In order to solve construction inconvenience of the existing column-column dry connection, this paper proposes a detachable precast concrete column-column joint (DPC) based on rigid connection technology. This joint has the characteristics of detachable and strong integrity. The main innovation of this article is to this DPC as dry connection. The influence of the geometrical design of DPC joint on the seismic performance is discussed and an optimal design scheme for the proposed DPC is given.

In this study, a detachable precast concrete column-column (DPC) joint was proposed with high-strength bolts, web connection plate, upper and lower connection plates, I-beam and studs, as shown in Fig. 1(a) and (b). The core part of DPC is the steel connection. In this part, the role of the cladding plate is to prevent stress concentration at the connection gap and to protect the concrete in contact with the cladding plate from being crushed. Steel studs can improve the performance of the connection of precast concrete beams. High-strength bolts and connecting plates are used to connect two steel I-heads for higher shear bearing capacity. Hence, a smaller number can be used to meet the design requirements of bearing capacity. The fewer number of holes reserved for the bolts on the I-beam connector makes higher integrity of the connecting plate and the I-beam connector.
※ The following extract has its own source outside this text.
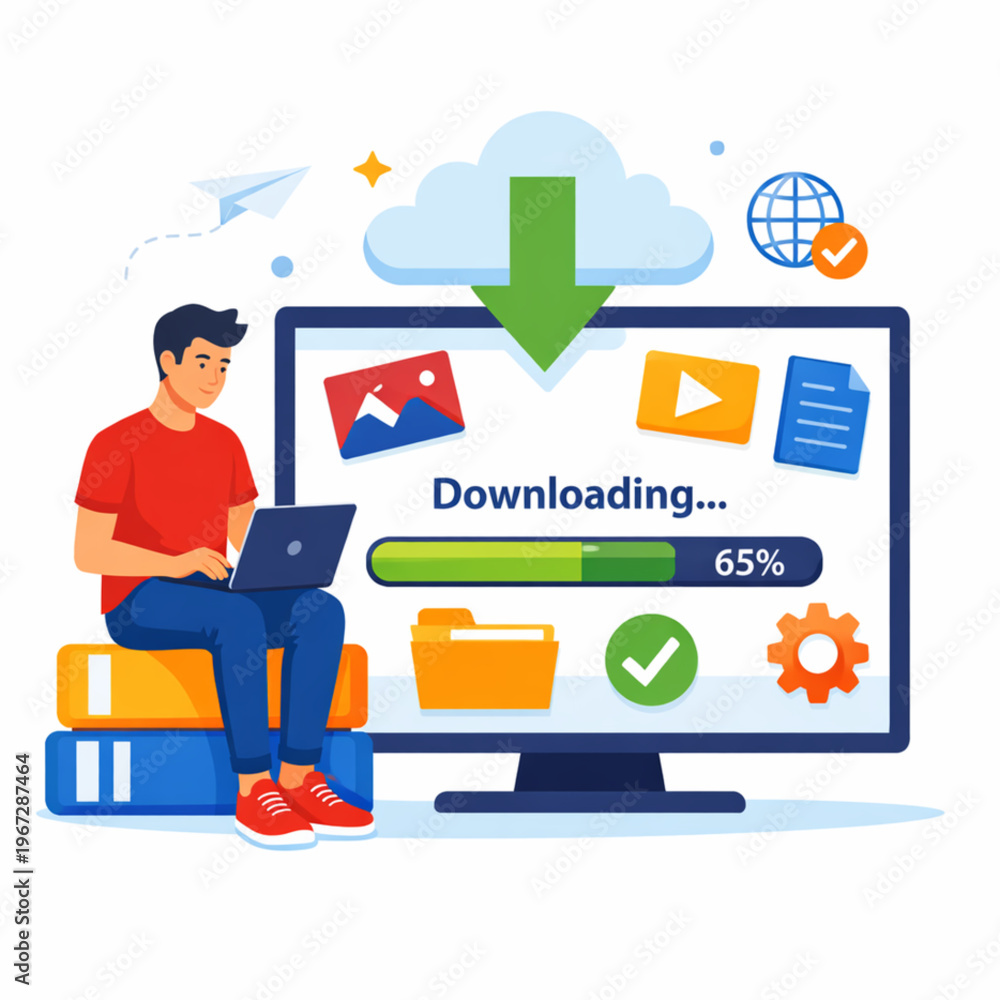 Fototapeta premium File Downloading Process Digital Data Transfer Concept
The precast concrete part and the steel connection part are prefabricated as a single unit, and the longitudinal reinforcement inside the concrete is welded to the steel connection, as shown in Fig. 2.

Fig. 1.

Detachable precast concrete column-column (DPC) joint.

Fig. 2.

Details of the DPC joint.

The DPC joint was proposed in this study to solve the problems in current column-column dry connections such as complex load path and inconvenience for disassembly. The dry connection technology is applied by composing of steel plate and concrete. Compared with the existing dry joints, another advantage of the DPC joint is that the design methods in the existing steel structure specifications can be used. Finite element models of DPC were created to study its structural performance including structural ductility and energy dissipation capacity. First, the FE modeling technique was validated by testing data. The seismic performance analysis of detachable precast concrete column-column joints (DPC) was then carried out.

2. Design philosophy of the DPC joint

2.1. The bearing capacity of the cast-in-situ concrete column

To study the structural performance of the DPC joint, a control joint, which is traditionally casted in site, is designed and proposed [37]. The size of cast-in-situ concrete column is 500*500*2500 mm and the protective layer thickness is 30 mm as shown in Fig. 3(a) and (b). Note that the concrete grade is C40 and the longitudinal reinforcement is 25 mm in diameter and the hoop reinforcement is φ10@100.

Fig. 3.

Geometry design.

First, the ultimate shear bearing capacity of the cast-in-situ concrete column is calculated according to Eqs. Eq. (1), Eq. (2), Eq. (3) from the Principles of Structural Design of Concrete [38].

$$V_u=\frac{1.75}{\lambda +1}{f}_{t}b{h}_0+f_{yv}\frac{A_{sv}}{S}{h}_0+0.07N$$ Eq. (1)

$$\lambda =\frac{H_n}{2h_0}$$ Eq. (2)

$$N=0.3f_{c}A$$ Eq. (3)

Where, V_u is the shear bearing capacity of the column; λ is the shear-to-span ratio of the calculated section; f_t is the design value of the concrete shear bearing capacity; b is the section width; h₀ is the effective section height of the column; f_yv is the design value of the tensile strength of the hoop reinforcement; A_sv is the full cross-sectional area of each limb of the hoop reinforcement in the same section; S is the spacing of the hoop reinforcement along the length of the member; N is the design value of the axial tensile force; H_n is the net height of column; f_c is the design value of axial compression strength of concrete; A is the total cross-sectional area of the column.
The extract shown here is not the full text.